The High Performance LINPACK (HPL) benchmark was used to measure the performance of Traverse. The theoretical peak of the system is about 1.3 petaflops and HPL measured 1.1 petaflops. Note that 97% of the compute power of Traverse comes from the NVIDIA V100 Volta GPUs. Read an article about the debut of Traverse in 2019.
To request access to Traverse, please email firstname.lastname@example.org and include a brief description of your code and whether or not it is GPU-enabled. Note that Prentice Bisbal or Stephane Ethier will need to approve the request.

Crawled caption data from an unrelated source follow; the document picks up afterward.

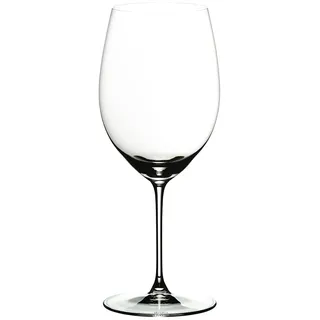 Riedel Vorteilsset 2 x 2 Glas RIEDEL VERITAS CABERNET/MERLOT 6449/0 und 1 x Riedel Microfaser Poliertuch und 4 EKM Living Trinkhalme aus Edelstahl - Creme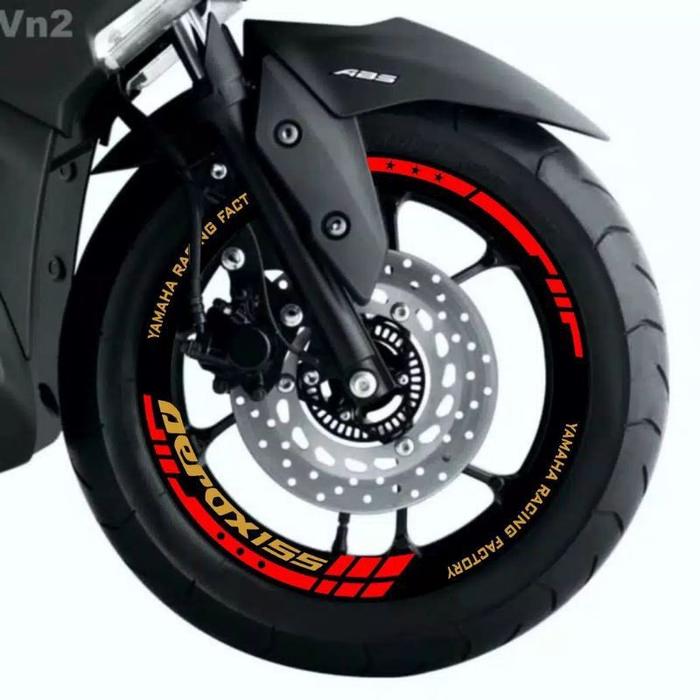 Sticker velg Aerox untuk semua jenis motor Aerox 3pilihan warna
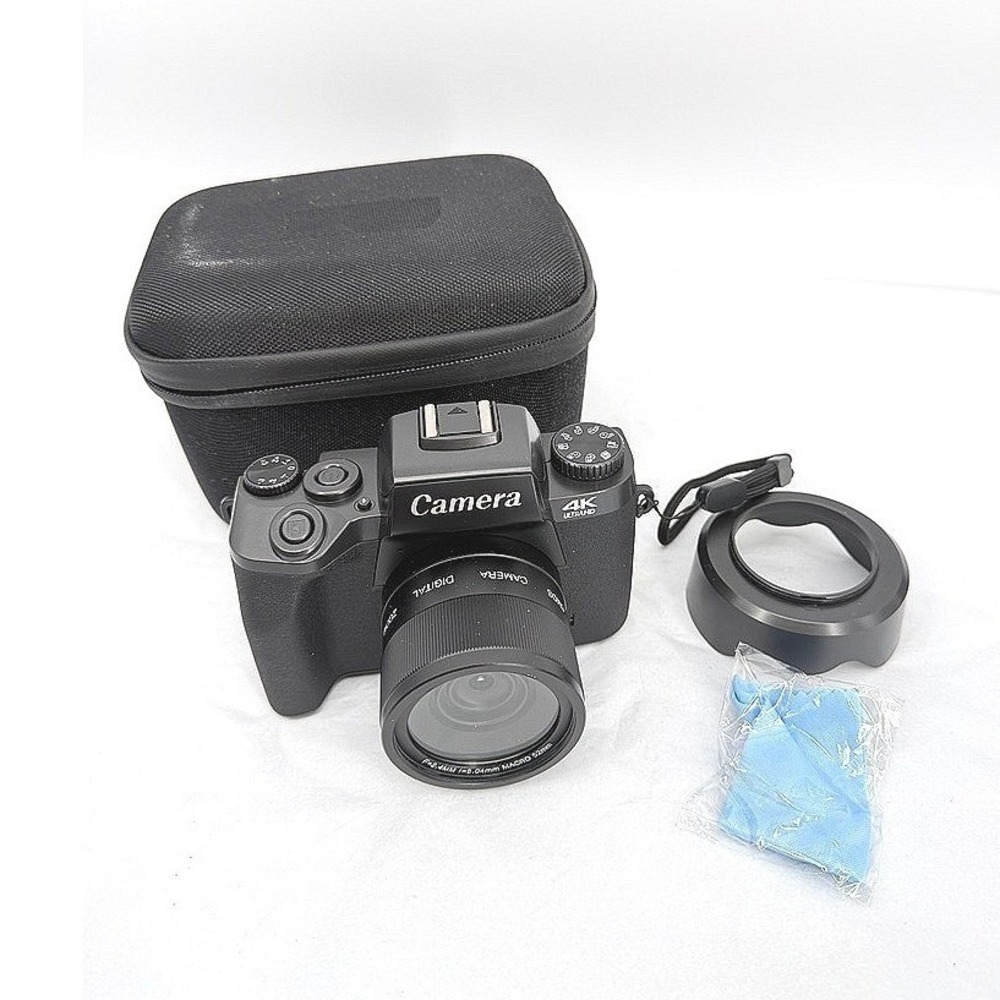 Digital Camera 4K Ultra HD 64MP WiFi CMOS Zoom Photography w/ Case WORKS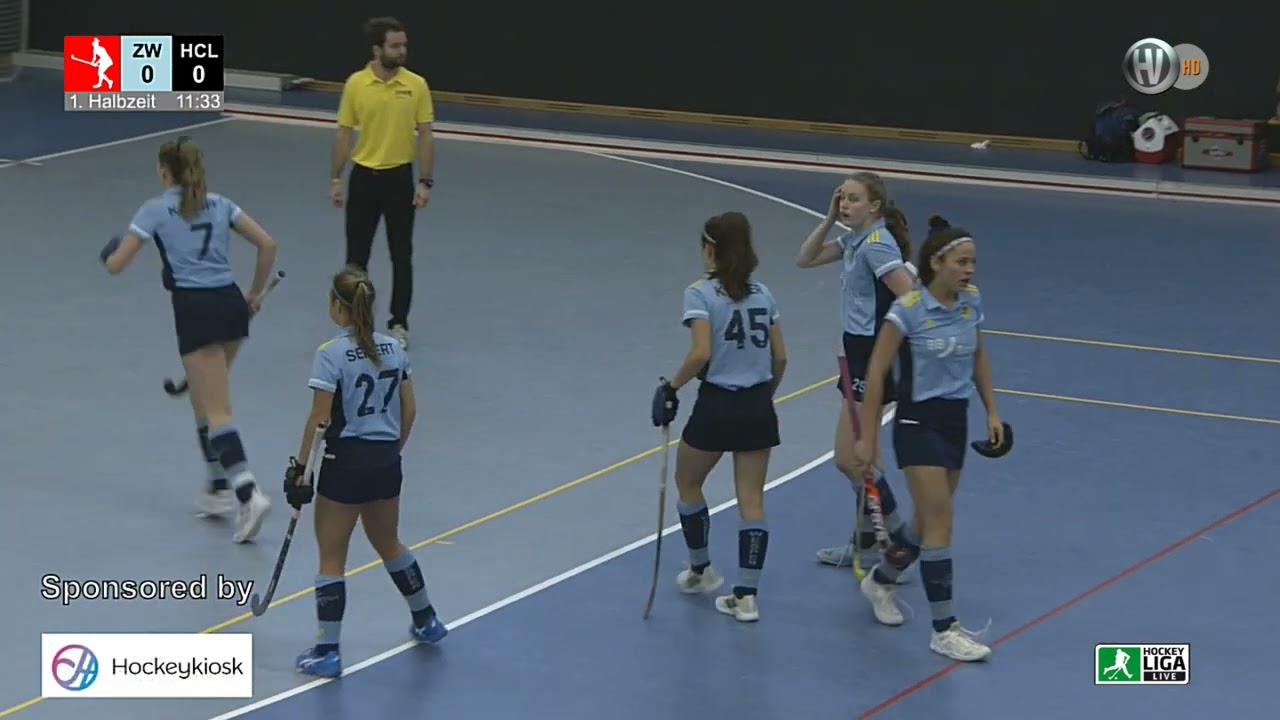 18.SP Finale DM Hallenhockey Meisterschaft U16 Zehlend. Wespen vs. HC Ludwigsburg 27.02.22 RE-Live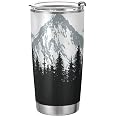 Xigua 17oz Stainless Steel Tumbler With Handle & Straw – Double Wall Vacuum Insulated Travel Mug, Keeps Drinks Hot/Cold For Hours
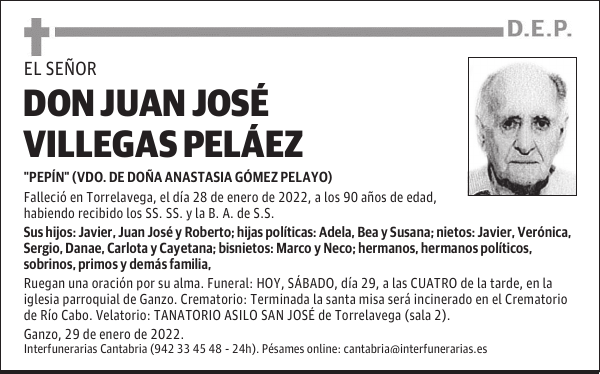 DON JUAN JOSÉ VILLEGAS PELÁEZ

Once you have been given access to Traverse, you can log in with the following command:
$ ssh <YourNetID>@traverse.princeton.edu
The command above will work from any system on the PPPL network. Traverse uses the university's central authentication system (CAS), so you log in using your PU NetID and its associated password, followed by a challenge from the DUO authentication system. If you have never used DUO to access the systems on campus, please refer to the instructions on this page. Also, if you have never logged into the PU Linux systems, or haven't recently, you may need to request Unix access for your NetID.
NOTE: There is a way to authenticate only once with DUO during a session. See the Multiplexing Approach in these instructions.

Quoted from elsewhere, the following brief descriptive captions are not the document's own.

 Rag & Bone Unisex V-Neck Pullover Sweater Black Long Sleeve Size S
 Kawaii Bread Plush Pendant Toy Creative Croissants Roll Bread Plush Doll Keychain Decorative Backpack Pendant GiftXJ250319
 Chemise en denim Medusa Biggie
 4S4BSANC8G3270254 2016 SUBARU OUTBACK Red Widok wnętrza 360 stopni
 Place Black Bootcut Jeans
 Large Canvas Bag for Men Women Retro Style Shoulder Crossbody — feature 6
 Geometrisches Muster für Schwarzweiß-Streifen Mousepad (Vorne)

Accessing Traverse outside of PPPL and Princeton University Networks
If connecting to Traverse from a location outside of the PPPL or Princeton University networks, a VPN connection is required. You can use either the PPPL "Secure Pulse" connection to the PPPL network or the Princeton University "Secure Remote Access (SRA)" connection. See these instructions to use the Princeton University VPN.

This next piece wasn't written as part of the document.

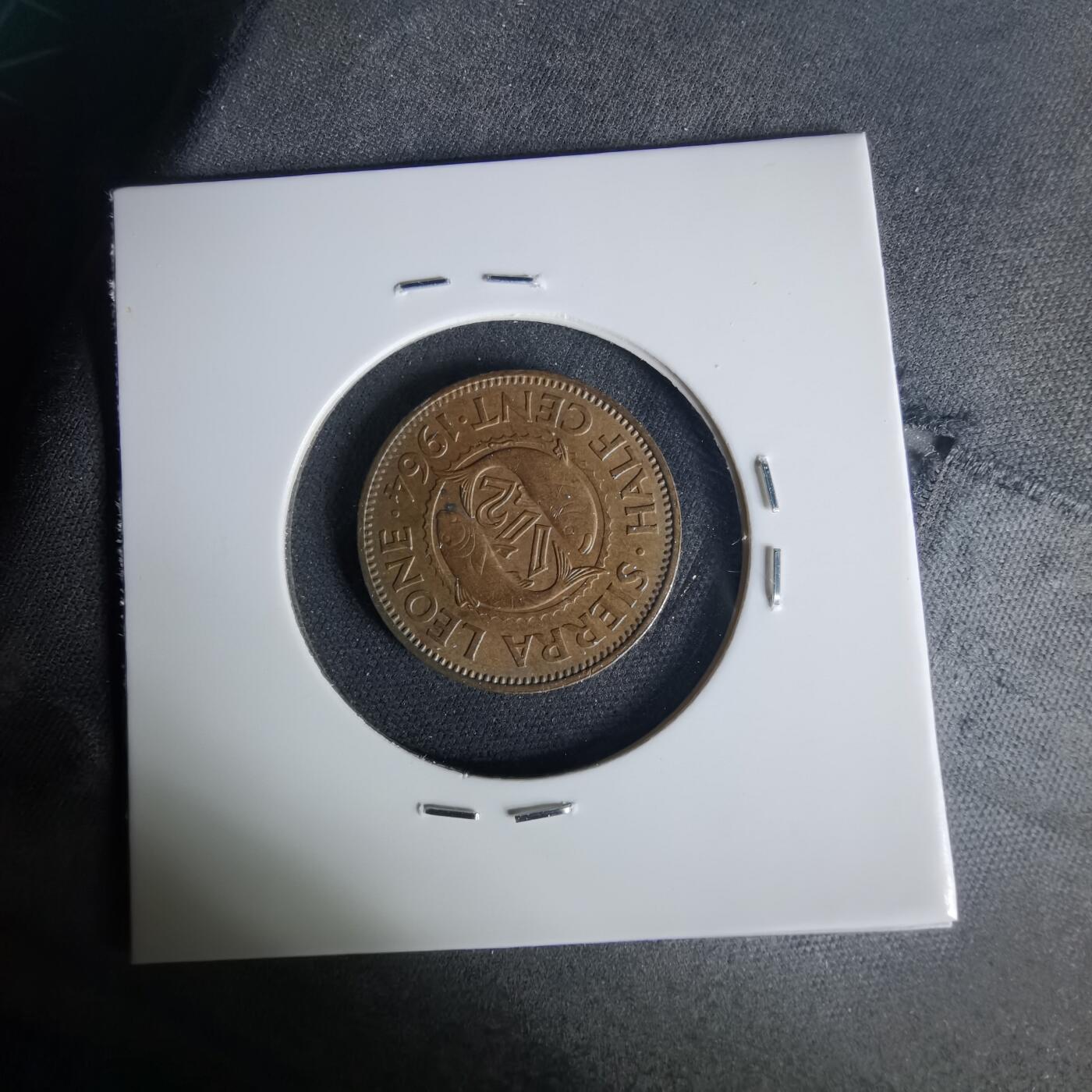 沼泽如烟--第1015场 塞拉利昂1964年半分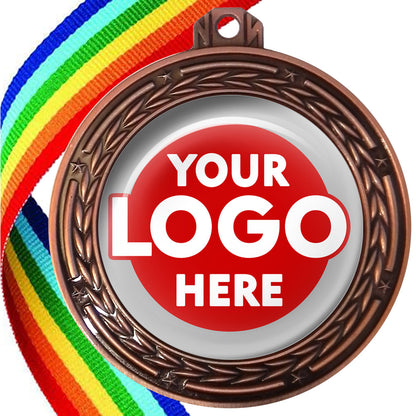 70mm Deluxe Antique Medal on a Ribbon (Stars & Arrows) MJ1070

Each node has 2 POWER9 CPUs at 2.7 GHz. Each CPU is composed of 16 cores where each core supports 4 hardware threads. Slurm allows jobs with up to 128 tasks per node. Note that many applications will run faster when only using 1 hardware thread per core. To configure this see the Simultaneous Multithreading section below. There is 256 GB of RAM per node.
Below is a schematic diagram of a single node of Traverse:
Information about the CPU is available from the lscpu command:
$ lscpu Architecture: ppc64le Byte Order: Little Endian CPU(s): 128 On-line CPU(s) list: 0-127 Thread(s) per core: 4 Core(s) per socket: 16 Socket(s): 2 NUMA node(s): 6 Model: 2.3 (pvr 004e 1203) Model name: POWER9, altivec supported CPU max MHz: 3800.0000 CPU min MHz: 2300.0000 L1d cache: 32K L1i cache: 32K L2 cache: 512K L3 cache: 10240K NUMA node0 CPU(s): 0-63 NUMA node8 CPU(s): 64-127 NUMA node252 CPU(s): NUMA node253 CPU(s): NUMA node254 CPU(s): NUMA node255 CPU(s):
We see from the above that there is a NUMA node associated with each CPU and GPU. To learn more about the NUMA nodes run this command: numactl -H
As shown in the schematic diagram above, each node has 4 NVIDIA V100 GPUs. Each GPU has 32 GB of memory. The transfer speed between the GPU and its memory is about 800 GB/s. Note that there are 6 channels (or 3 bricks) for the NVLink giving 75 GB/s per direction (150 GB/s bi-directional). Summit is limited to only 50 GB/s per direction. To see the topology run: nvidia-smi topo -m
Each V100 GPU contains 80 streaming multiprocessors (SM). Below is a diagram of an SM on Traverse:
NVLink is the term used described the fast interconnect between GPU-to-GPU and GPU-to-CPU on Traverse. As shown in the schematic diagram above one can achieve transfer rates of 150 GB/s. This is much faster than the limit of 16 GB/s on TigerGPU.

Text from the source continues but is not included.